▶ [Work instructions]
Return every record verbatim, omitting all pictures.

'''

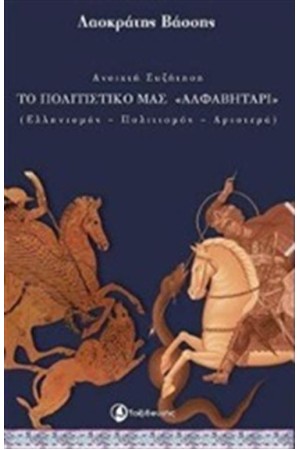 ΑΝΟΙΧΤΗ ΣΥΖΗΤΗΣΗ: ΤΟ ΠΟΛΙΤΙΣΜΙΚΟ ΜΑΣ ΑΛΦΑΒΗΤΑΡΙ ΑΝΟΙΧΤΗ ΣΥΖΗΤΗΣΗ: ΤΟ ΠΟΛΙΤΙΣΜΙΚΟ ΜΑΣ ΑΛΦΑΒΗΤΑΡΙ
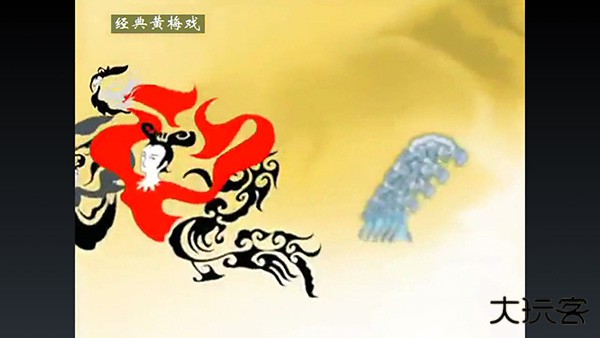 戏曲多多tv盒子版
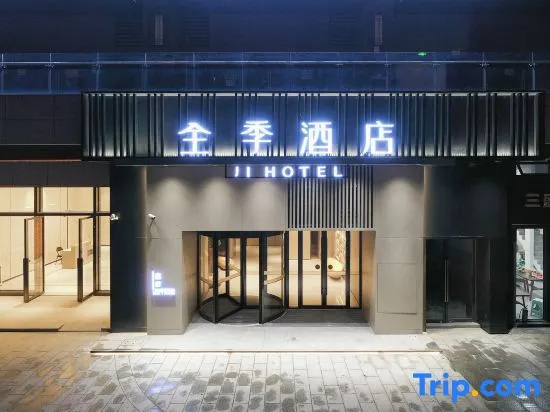 JI Hotel (Guiyang Huarun Wanxianghui)
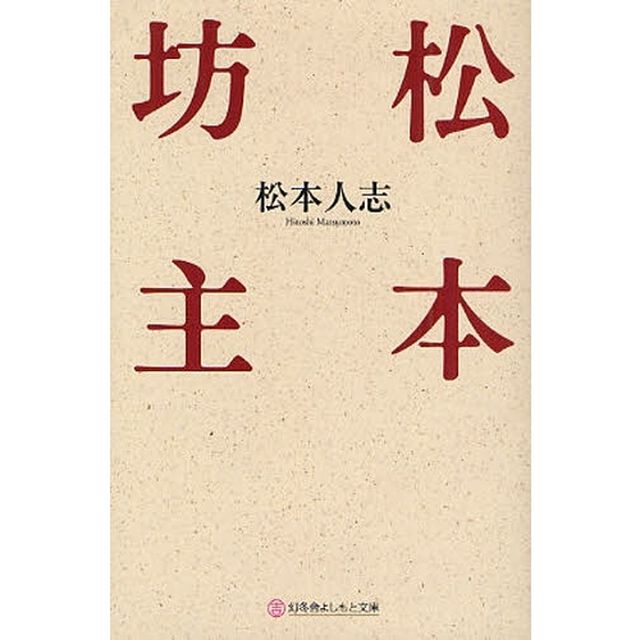 松本坊主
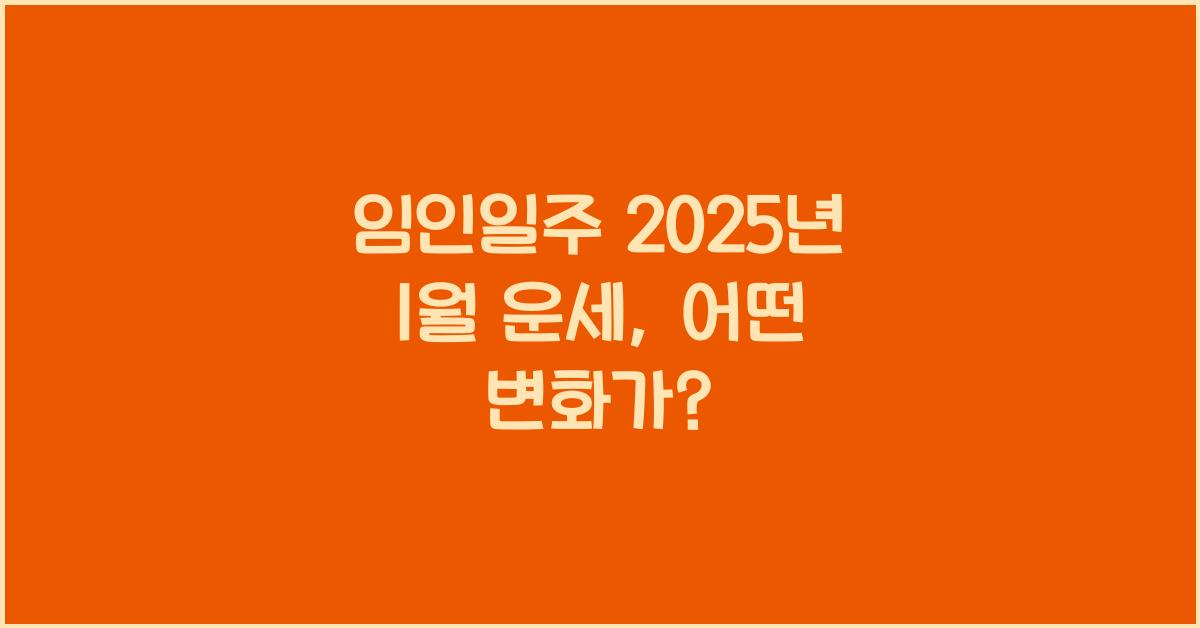 임인일주 2025년 1월 운세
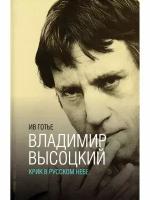 Владимир Высоцкий: крик в русском небе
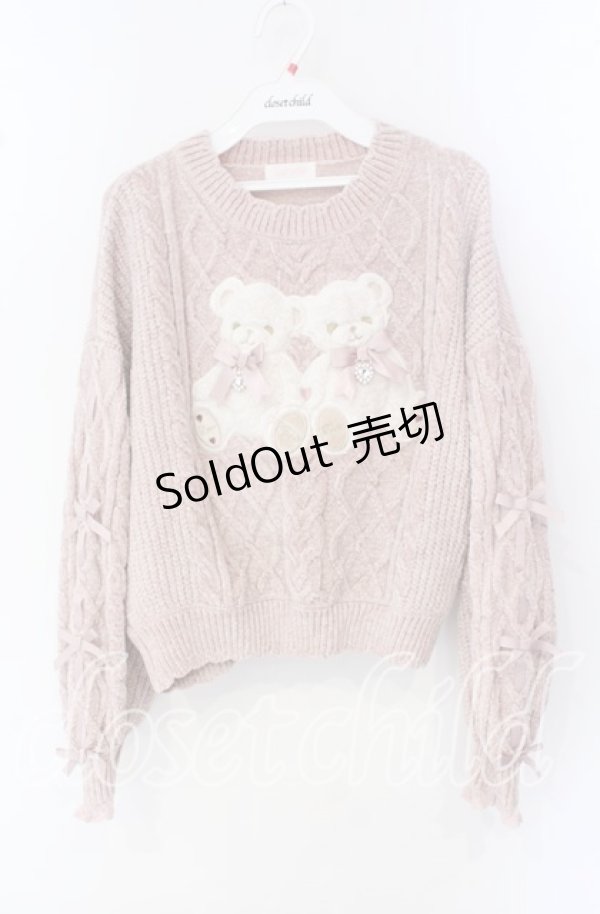 画像1: LIZ LISA / TwinBearsニットトップス  ピンク O-25-09-27-047-LO-TO-IG-OS (1)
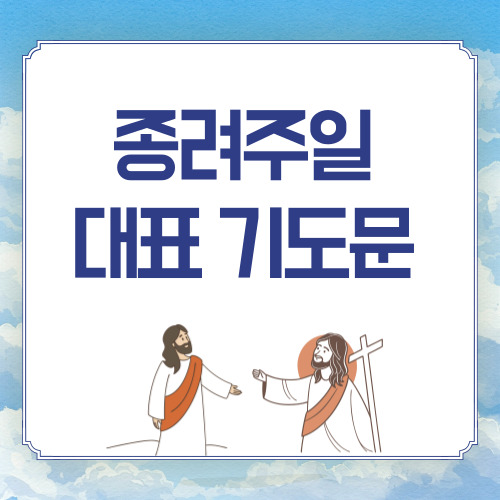 2025년 종려주일 대표기도문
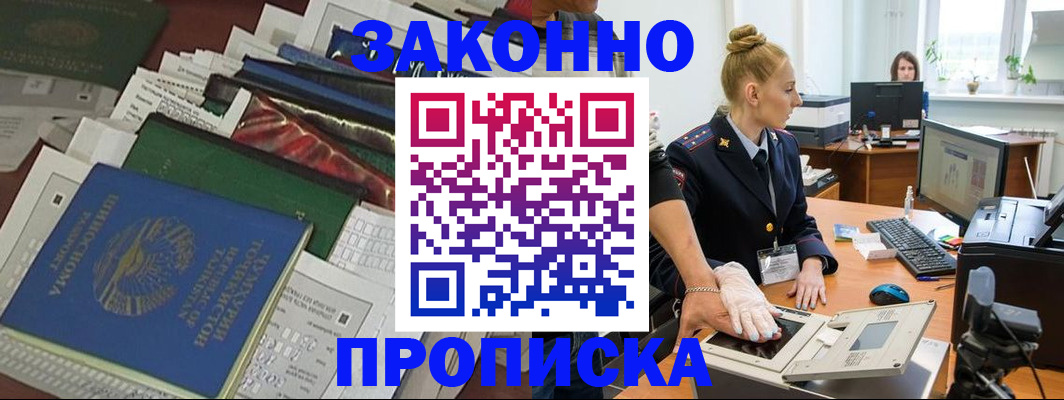 регистрация в Усть-Катаве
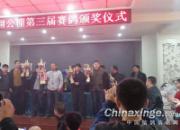 �������������� ��Ϊ������Ĵָ(ͼ)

'''

▶ [Answer to this task]
 ΑΝΟΙΧΤΗ ΣΥΖΗΤΗΣΗ: ΤΟ ΠΟΛΙΤΙΣΜΙΚΟ ΜΑΣ ΑΛΦΑΒΗΤΑΡΙ ΑΝΟΙΧΤΗ ΣΥΖΗΤΗΣΗ: ΤΟ ΠΟΛΙΤΙΣΜΙΚΟ ΜΑΣ ΑΛΦΑΒΗΤΑΡΙ
 戏曲多多tv盒子版
 JI Hotel (Guiyang Huarun Wanxianghui)
 松本坊主
 임인일주 2025년 1월 운세
 Владимир Высоцкий: крик в русском небе
 画像1: LIZ LISA / TwinBearsニットトップス  ピンク O-25-09-27-047-LO-TO-IG-OS (1)
 2025년 종려주일 대표기도문
 регистрация в Усть-Катаве
 �������������� ��Ϊ������Ĵָ(ͼ)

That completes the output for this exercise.